Tributes paid to retiring State prosecutor involved in some of Ireland’s biggest drugs cases

Malachy Boohig steps down after 36 years of service in west Cork

Malachy Boohig. Photograph: Courts Collins

He may have processed more drugs than Pablo Escobar and handled more fish than Captain Ahab, while even dealing with the odd poitín case in his time, but now – after nearly four decades of service to Ireland – State solicitor for west Cork Malachy Boohig is hanging up his hat as a prosecutor.

First appointed to the role in 1986, Mr Boohig was involved in prosecuting some of the country’s biggest drug smuggling cases such as the Gemeos, the Posidonia, Lucky Day, Dances with Waves and Makayabella, in which drugs with a combined street value well over €1 billion were seized.

And over the 36 years of his service, Mr Boohig became a leading authority on the prosecution of Irish and foreign trawlers for breaches of EU fishing regulations, acquiring an expertise that he was happy to share with state solicitors up and down the Irish coastline.

On Thursday, those colleagues, along with fellow solicitors, barristers, senior gardaí, court staff and judges, serving and retired, thronged Court 4 at Anglesea Street Courthouse in Cork to pay their own tributes as Mr Boohig took his final bow before the bench and retired from State work.

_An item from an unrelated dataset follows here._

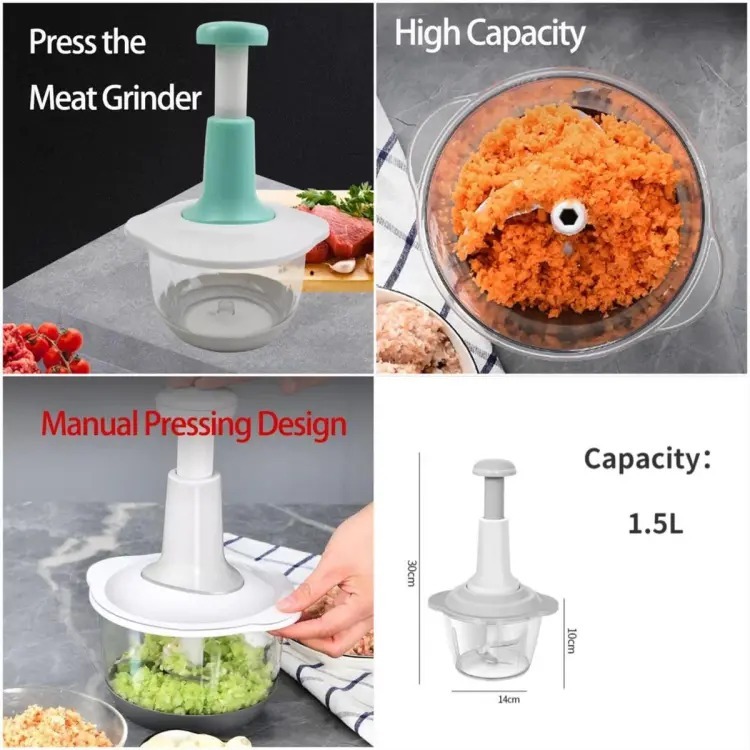 Manual Hand Push Chopper | Multi-functional Vegetable Meat Grinder, Grater, Chopper - 1.5 Liter (Random Color)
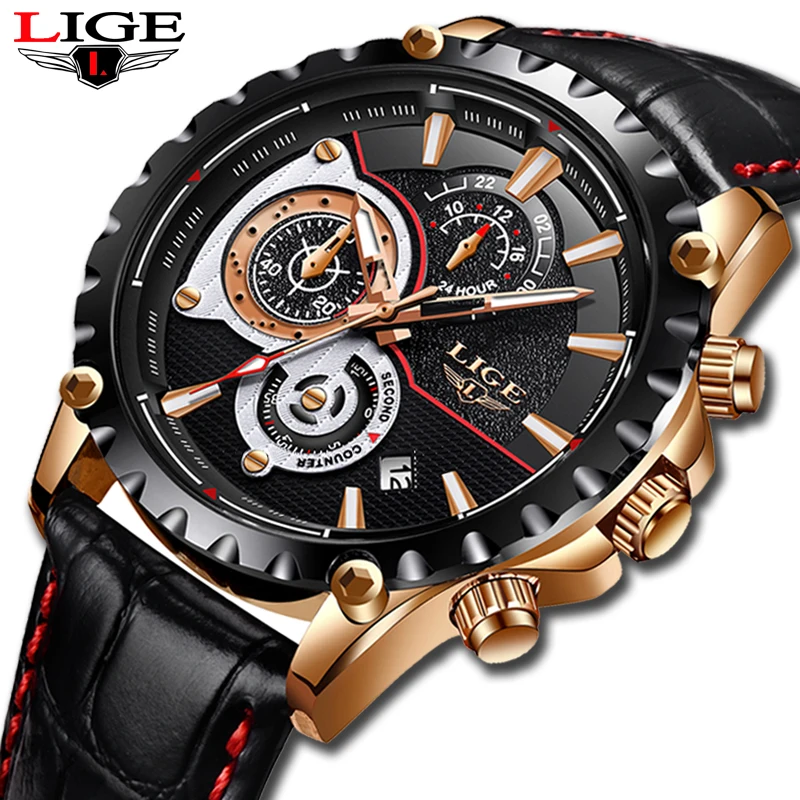 

LIGE Mens Watches Top Brand Luxury Fashion Quartz Watch Men's Casual Leather Military Waterproof Sport Watch Relogio Masculino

Leading the tributes was Chief State Solicitor Helena Kiely who, on behalf of the DPP, Catherine Pierse, thanked Mr Boohig for “the long and distinguished service that he has given to the Office of the DPP and the people of west Cork over the last 36 years.”

Ms Kiely recalled how Mr Boohig was first appointed by then attorney general John Rogers SC and how he has acted on behalf of four different DPPs, Eamon Barnes, James Hamilton, Claire Loftus and Ms Pierse, and how he was known for his willingness to share his expertise with new state solicitors.

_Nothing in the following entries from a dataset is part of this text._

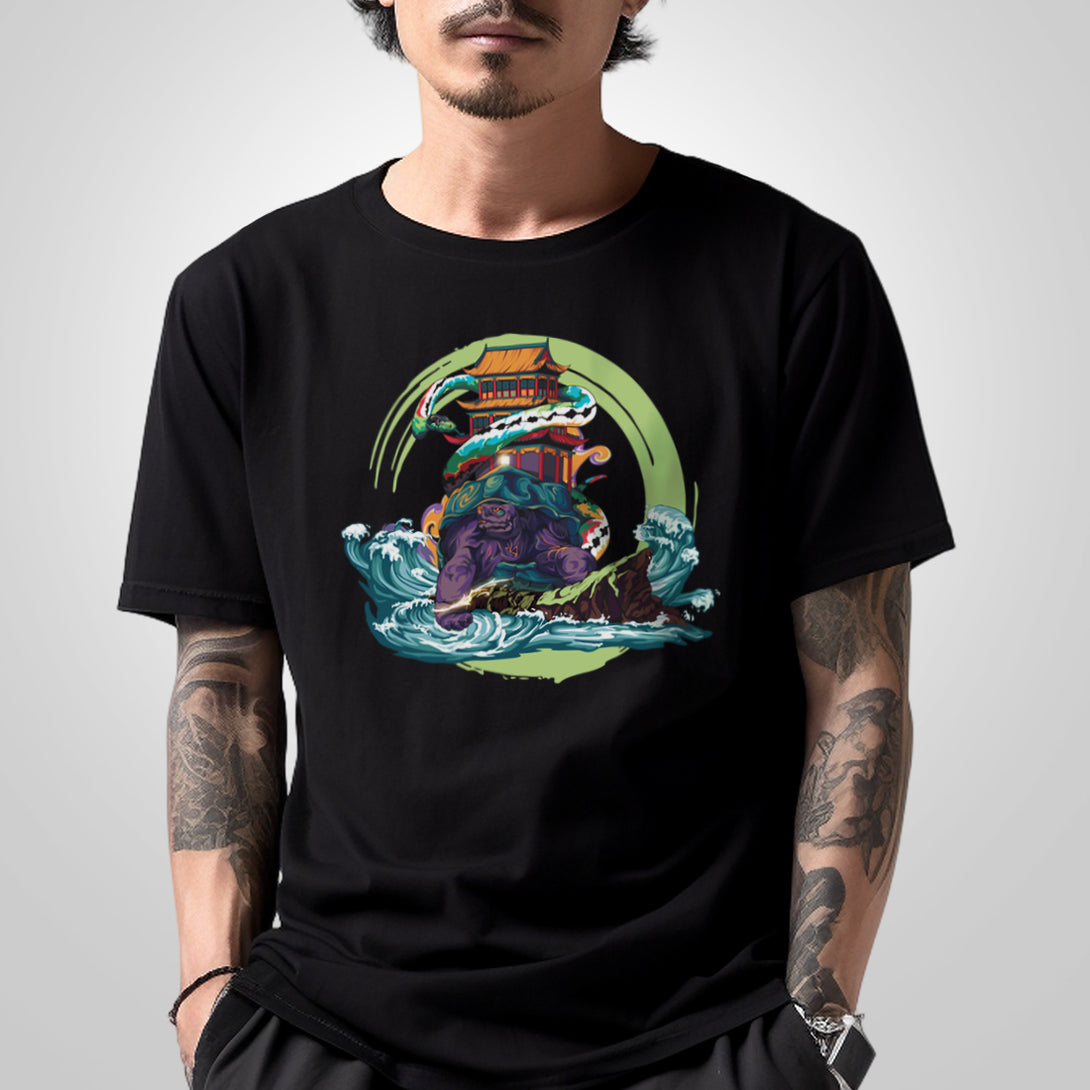 Black Tortoise - a model wearing a Japanese style black heavyweight T-shirt featuring an intricate graphic design of the black tortoise entwined together with a snake, printed on the front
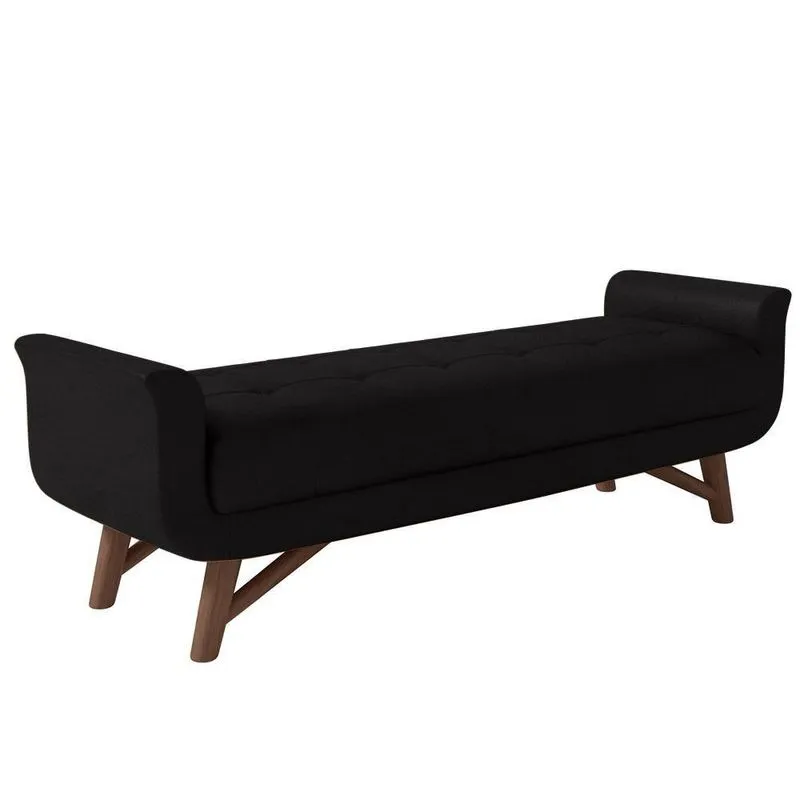Puff Recamier Calçadeira 160cm Base Madeira Neville Z37 Sintético Preto - Mpozenato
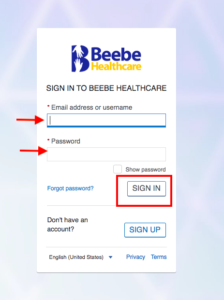 beebe patient portal login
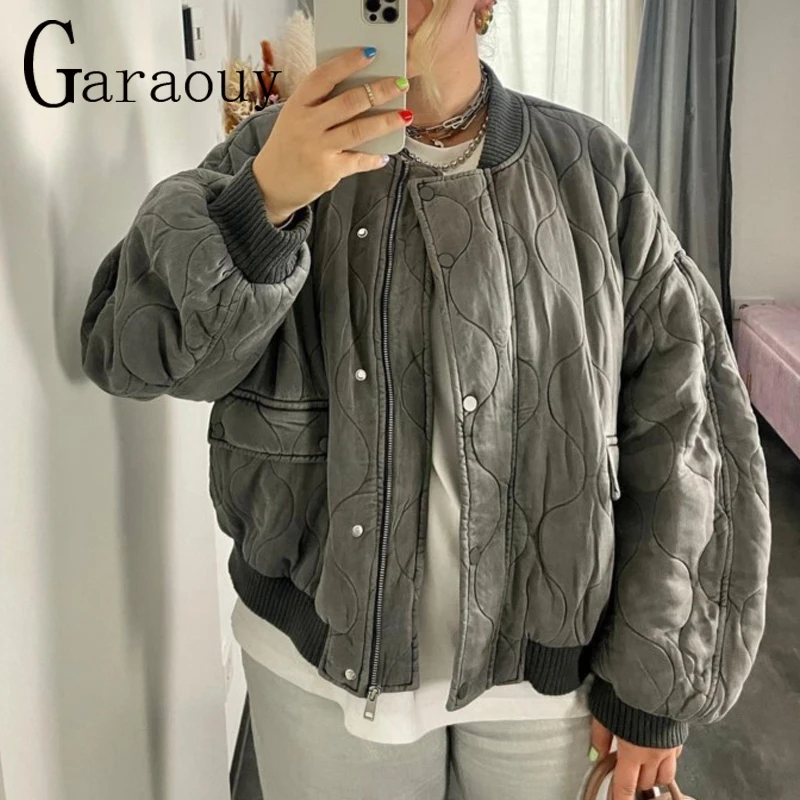 Garaouy 2023 Autumn Winter Women Distress Oversized Bomber Jacket Warm Cotton Coat Female Casual Rhombic Lattice Parka Outwear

“The DPP took over responsibility for the State Solicitors Service in May 2007 and Malachy, with some of his colleagues here, Michael Murray and Barry Galvin, was instrumental in negotiating new contractual arrangements for State solicitors around Ireland, a legacy that continues today.”

Father of the Cork Bar, Donal McCarthy BL said Mr Boohig was noted for his ability to reach agreement in fishery cases on the value of catches and gear with the legal representatives of defendants, which assisted the courts hugely when it came to the complex matter of penalty.

Supt Ger O’Mahony of Clonakilty, speaking on behalf of An Garda Síochána, said Mr Boohig had been involved in some of the most high-profile investigations to emanate from the area.

“Malachy was always available 24/7 to give advice and direction and that advice was always accurate, balanced and based on common sense ... he is someone of great humility who never wanted or sought the limelight, and he has provided a quality service to gardaí in west Cork.”

Judge Helen Boyle said that she had known Mr Boohig from both her time in practice and as a judge and she believed that he was notable for his fairness, his sense of justice and his wisdom in dealing with those appearing before the courts, and that he was always as good as his word in such dealings.

“When Malachy was dealing with young fellows in west Cork who were in trouble, he knew the young fellows that needed a bit of a steer to keep them on the straight and narrow and he also knew the young fellows who were maybe heading for bigger trouble and needed a bit of a fright.”

Mr Boohig’s daughter Sarah said that it had been a tough four years for her father and for them as a family since his wife, Mary died in 2018, but she had no doubt that her late mother would be hugely proud to see and hear so many tributes being paid to her father.